The World Health Organization’s Global Burden of Disease study has found that every year more than 2.4 million babies die as a result of the risk of neonatal mortality, and that 1 in 10 babies born in developing countries will die before they reach a birthday, compared with 1 in 11 in developed countries.
The study also found that infant mortality is more likely in the developed world than in developing nations.
But the World Health Organisation says the number of premature deaths due to congenital malformations is not known.
The number of neonatally premature deaths has risen over the past five years in developing-world countries, but has not risen in developed-world nations, the agency said.

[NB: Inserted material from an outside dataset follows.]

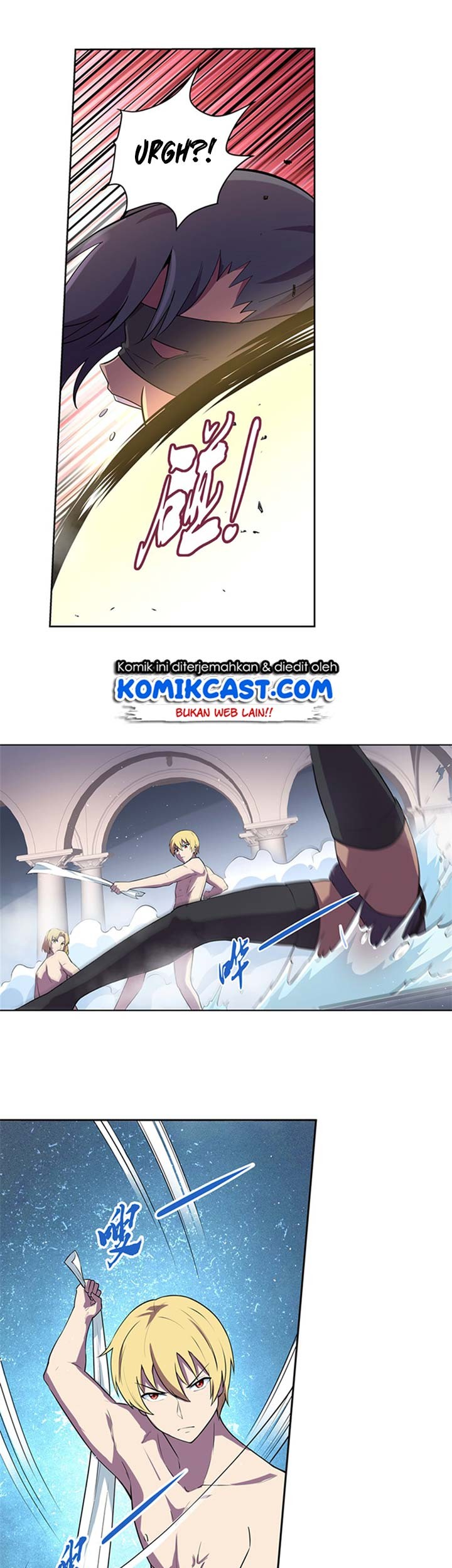 The Demon King Who Lost His Job Chapter 84 Gambar 5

It said the World Bank’s data shows that the proportion of premature neonatal deaths in developed nations has risen to 4 per cent in the past four years.
The World Bank said the rising number of newborn deaths in developing economies should be a wake-up call to governments and health systems to do more to protect newborns and babies.
The United Nations says the rise in the number dying in the developing world is linked to the rapid economic development of developing countries, which have been working together to address health and economic challenges.
More than 200 developing countries signed up to the Global Biodefense Initiative in November, which aims to reduce the number and severity of deaths due a lack of health care, nutrition, sanitation and housing.
The initiative aims to prevent premature deaths by 2025.
The WHO study said the number who were alive at the end of 2020 had increased from 1.3 million to 2.3 billion.